The other feature of the Nuremberg indictment is Count 1, charging a "conspiracy." Paragraph III of the indictment alleges that the "conspiracy embraced the commission of Crimes against Peace; came to embrace the commission of War Crimes...and Crimes against Humanity."

In international as well as in national law there may be for almost any crime what the older lawyers would have called principal offenders and accessories. If Adolph is determined to kill Sam, and talks the matter over with Berthold, Carl, and Dietrich, and Berthold agrees to borrow the money to buy a pistol, and Carl agrees to make a holster for the pistol, and all of them proceed as planned and then Adolph gives the pistol and holster to Dietrich, who goes out alone and actually shoots Sam without excuse, then, of course, Adolph, Berthold, Carl, and Dietrich are all guilty of murder.
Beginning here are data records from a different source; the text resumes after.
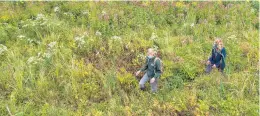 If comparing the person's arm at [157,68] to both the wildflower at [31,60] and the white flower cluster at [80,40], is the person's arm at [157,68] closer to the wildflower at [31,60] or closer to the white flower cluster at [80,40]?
the white flower cluster at [80,40]

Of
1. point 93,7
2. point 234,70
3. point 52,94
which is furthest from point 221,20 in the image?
point 52,94

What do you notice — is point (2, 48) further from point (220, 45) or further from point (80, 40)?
point (220, 45)

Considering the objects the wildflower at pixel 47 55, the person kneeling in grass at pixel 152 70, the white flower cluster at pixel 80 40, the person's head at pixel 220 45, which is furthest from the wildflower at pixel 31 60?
the person's head at pixel 220 45

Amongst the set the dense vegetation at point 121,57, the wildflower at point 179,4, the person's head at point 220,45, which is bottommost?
the dense vegetation at point 121,57

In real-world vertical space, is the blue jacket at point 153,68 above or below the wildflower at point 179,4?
below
They should not be allowed to escape with the plea Macbeth offered for Banquo's murder, "Thou canst not say I did it."

If the conspiracy charge in Count 1 meant no more than that those are guilty who plan a murder and with knowledge finance and equip the murderer, no one would quarrel with the count. But it would appear that Count 1 meant to establish some additional separate substantive offense of conspiracy. That is, it asserts that there is in international law a wrong which consists in acting together for an unlawful end, and that he who joins in that action is liable not only for what he planned, or participated in, or could reasonably have foreseen would happen, but is liable for what every one of his fellows did in the course of the conspiracy. Almost as broad a doctrine of conspiracy exists in municipal law.

But what is the basis for asserting so broad a substantive crime exists in the international law? Where is the treaty, the custom, the academic learning on which it is based? Is this not a type of "crime" which was first described and defined either in London or in Nuremberg sometime in the year 1945?
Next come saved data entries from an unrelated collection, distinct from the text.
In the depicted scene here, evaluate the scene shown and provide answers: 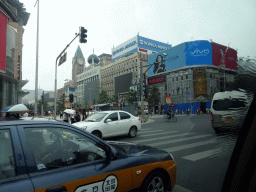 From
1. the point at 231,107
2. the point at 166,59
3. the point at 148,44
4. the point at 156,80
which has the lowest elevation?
the point at 231,107

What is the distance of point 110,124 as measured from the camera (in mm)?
8539

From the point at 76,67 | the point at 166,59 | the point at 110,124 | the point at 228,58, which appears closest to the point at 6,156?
the point at 228,58

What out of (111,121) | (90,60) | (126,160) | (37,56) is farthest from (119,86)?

Aside from the fact that the notion is new, is it not fundamentally unjust? The crime of conspiracy was originally developed by the Court of Star Chamber on the theory that any unlicensed joint action of private persons was a threat to the public, and so if the action was in any part unlawful it was all unlawful. The analogies of the municipal law of conspiracy therefore seem out of place in considering for international purposes the effect of joint political action. After all, in a government or other large social community there exists among the top officials, civilian and military, together with their financial and industrial collaborators, a kind of over-all working arrangement which may always be looked upon, if its invidious connotation be disregarded, as a "conspiracy." That is, government implies "breathing together." And is everyone who, knowing the purposes of the party in power, participates in government or joins with officials to be held for every act of the government?
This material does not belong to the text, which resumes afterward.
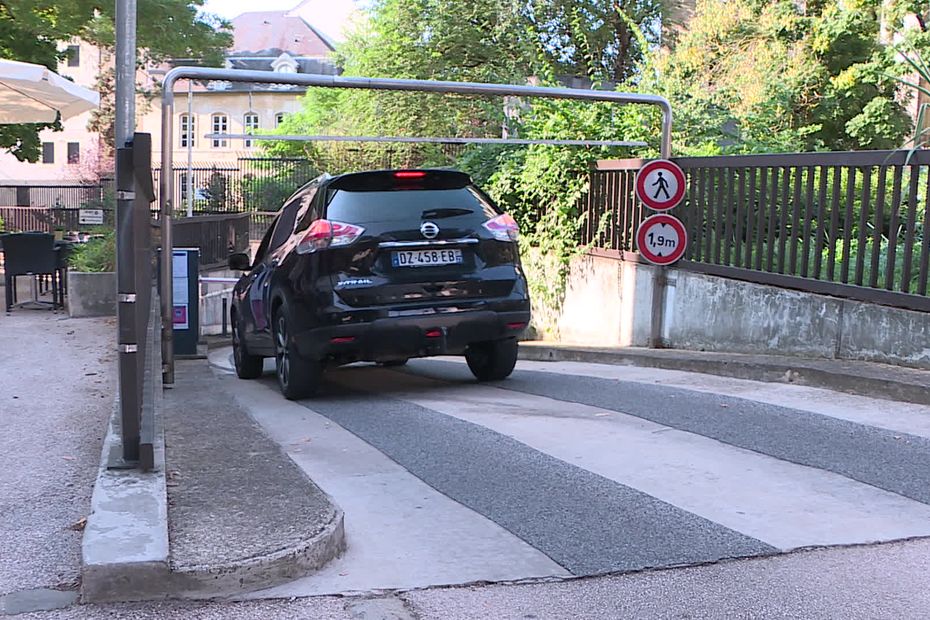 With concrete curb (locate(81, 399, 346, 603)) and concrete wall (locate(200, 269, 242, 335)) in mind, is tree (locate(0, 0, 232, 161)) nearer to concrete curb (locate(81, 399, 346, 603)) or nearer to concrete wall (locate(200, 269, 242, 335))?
concrete wall (locate(200, 269, 242, 335))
To take a case which is perhaps not so obvious, is everyone who joins a political party, even one with some illegal purposes, to be held liable to the world for the action that every member takes, even if that action is not declared in the party platform an was not known to or consented to by the person charged as a wrongdoer? To put upon any individual such responsibility for action of the group seems literally to step back in history to a point before the prophet Ezekiel and to reject the more recent religious and democratic teachings that guilt is personal.